* _INFORMATION SHOWN_:

▬▬▬▬▬▬

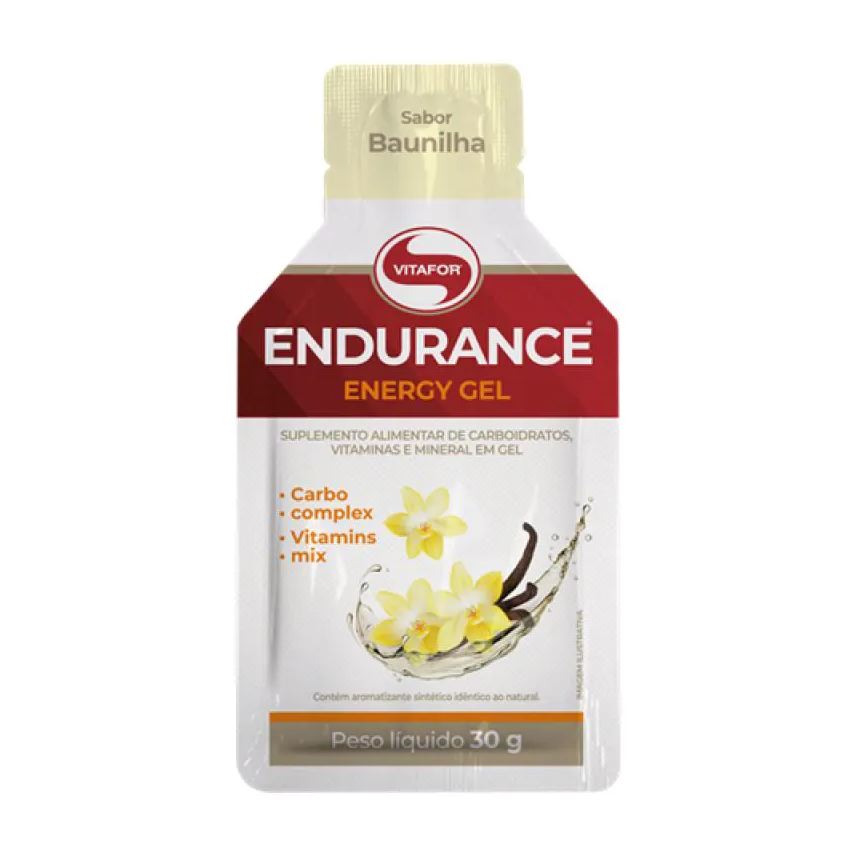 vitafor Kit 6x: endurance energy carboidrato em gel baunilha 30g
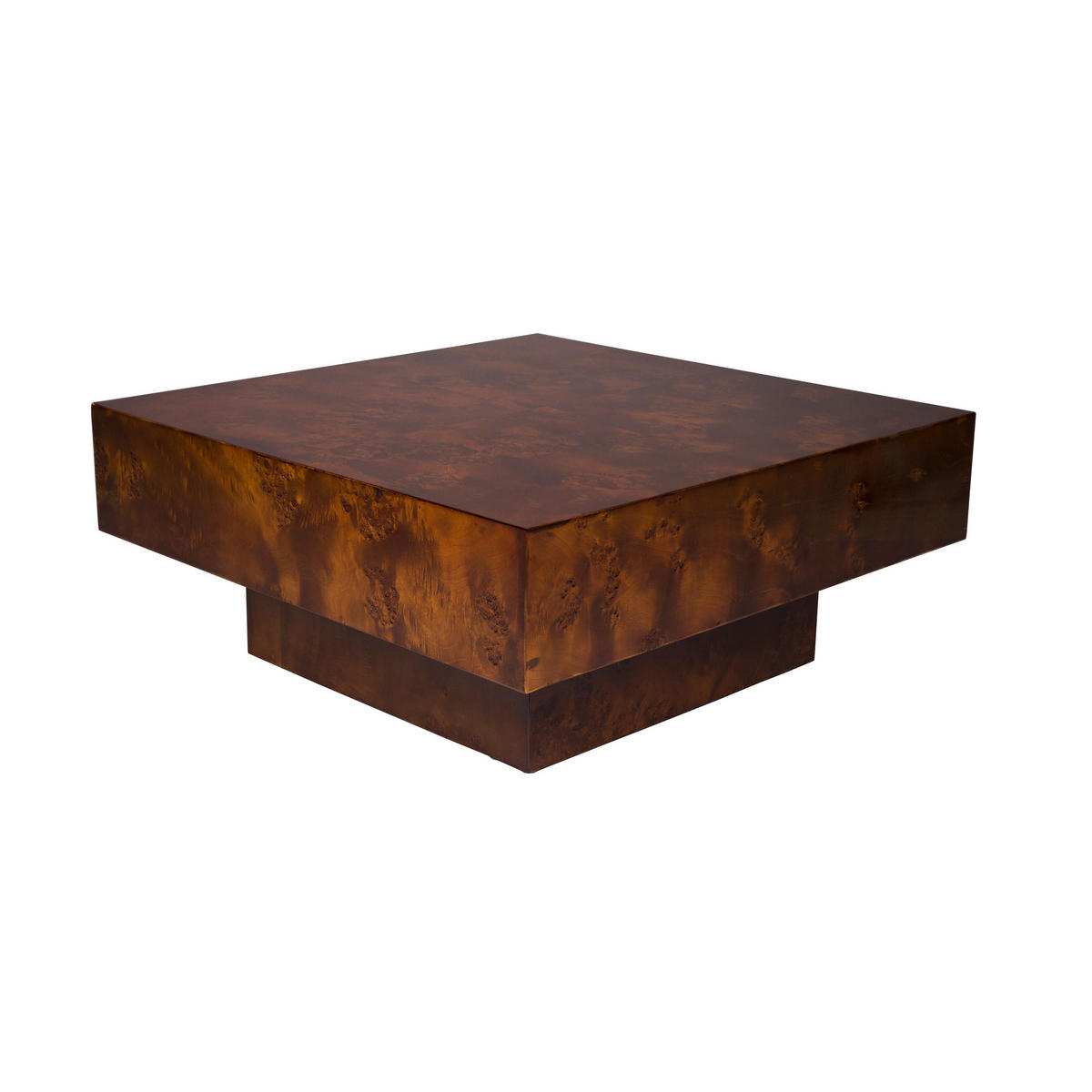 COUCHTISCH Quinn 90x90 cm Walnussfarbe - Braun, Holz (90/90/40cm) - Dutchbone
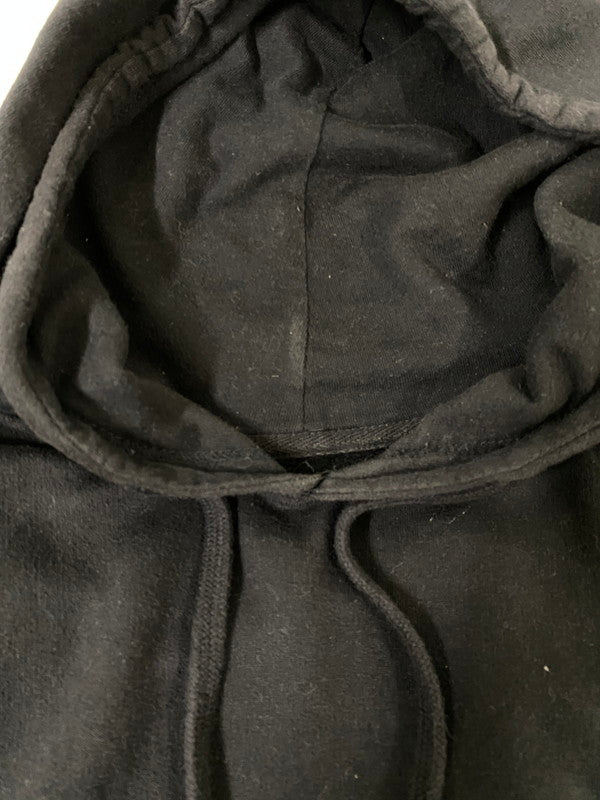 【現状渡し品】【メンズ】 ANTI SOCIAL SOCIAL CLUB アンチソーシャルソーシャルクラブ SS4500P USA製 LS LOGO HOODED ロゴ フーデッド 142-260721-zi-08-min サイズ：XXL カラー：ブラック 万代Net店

▬▬▬▬▬▬

* _WORK REQUIRED_: Leaving every picture out, repeat each line of the material exactly.

* _EXPECTED ANSWER_:
 vitafor Kit 6x: endurance energy carboidrato em gel baunilha 30g
 COUCHTISCH Quinn 90x90 cm Walnussfarbe - Braun, Holz (90/90/40cm) - Dutchbone
 【現状渡し品】【メンズ】 ANTI SOCIAL SOCIAL CLUB アンチソーシャルソーシャルクラブ SS4500P USA製 LS LOGO HOODED ロゴ フーデッド 142-260721-zi-08-min サイズ：XXL カラー：ブラック 万代Net店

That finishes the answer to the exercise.